Exercise details: Exact reproduction is required for the lines below starting at the line with "Used 2023 Jeep" and ending at the line with "Image showing the", both included. No other lines, and no pictures.

Given records:
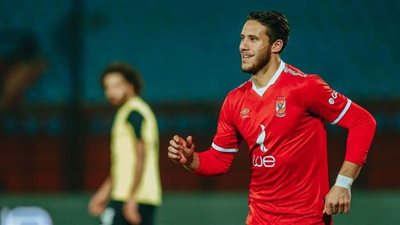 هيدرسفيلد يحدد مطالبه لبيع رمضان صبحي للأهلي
* * *
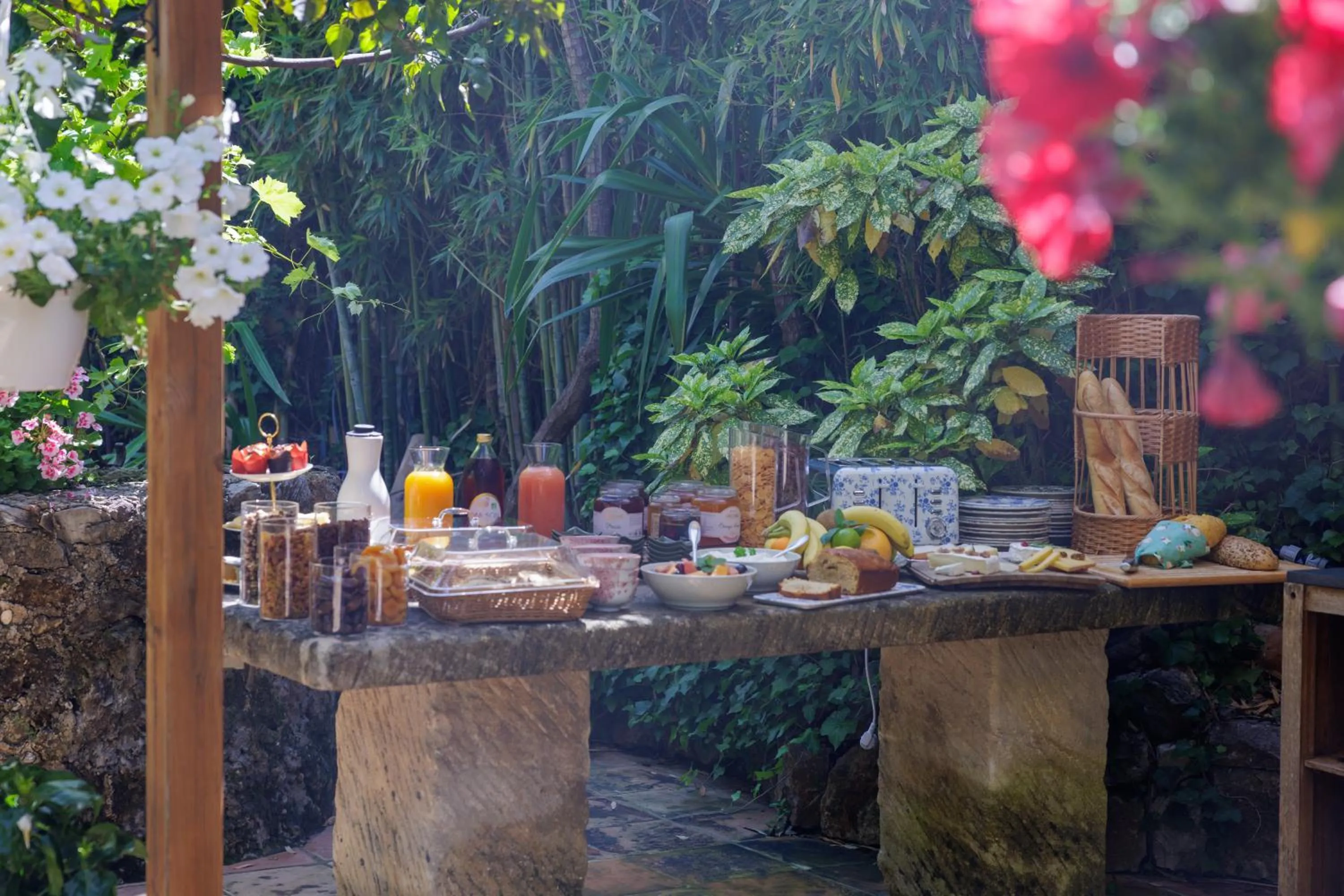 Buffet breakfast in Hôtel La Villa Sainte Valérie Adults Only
==
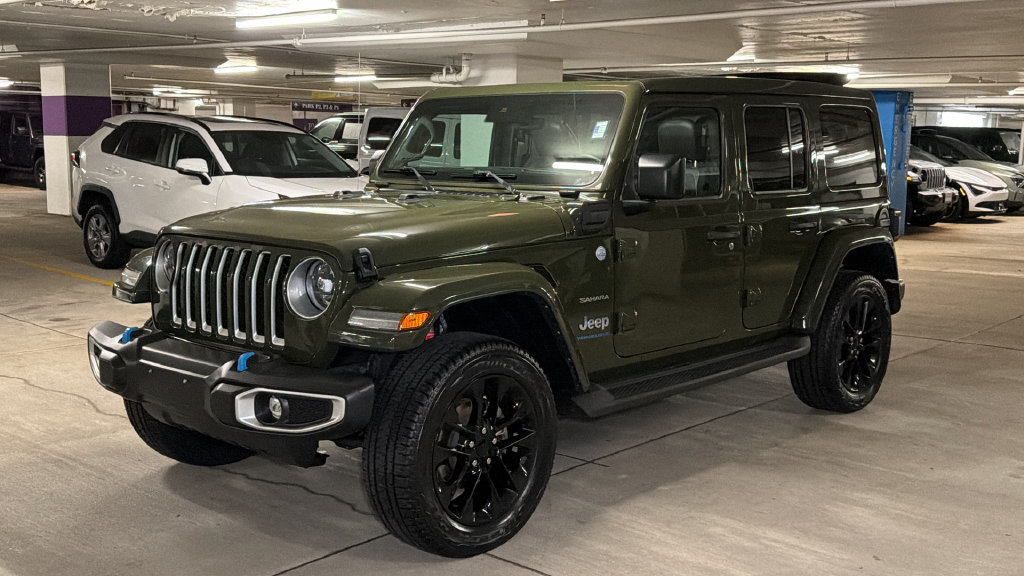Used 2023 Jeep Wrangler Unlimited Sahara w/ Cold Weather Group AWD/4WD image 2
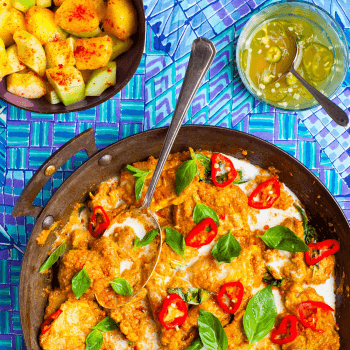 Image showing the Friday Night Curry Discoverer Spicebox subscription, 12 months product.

Task response:
Used 2023 Jeep Wrangler Unlimited Sahara w/ Cold Weather Group AWD/4WD image 2
 Image showing the Friday Night Curry Discoverer Spicebox subscription, 12 months product.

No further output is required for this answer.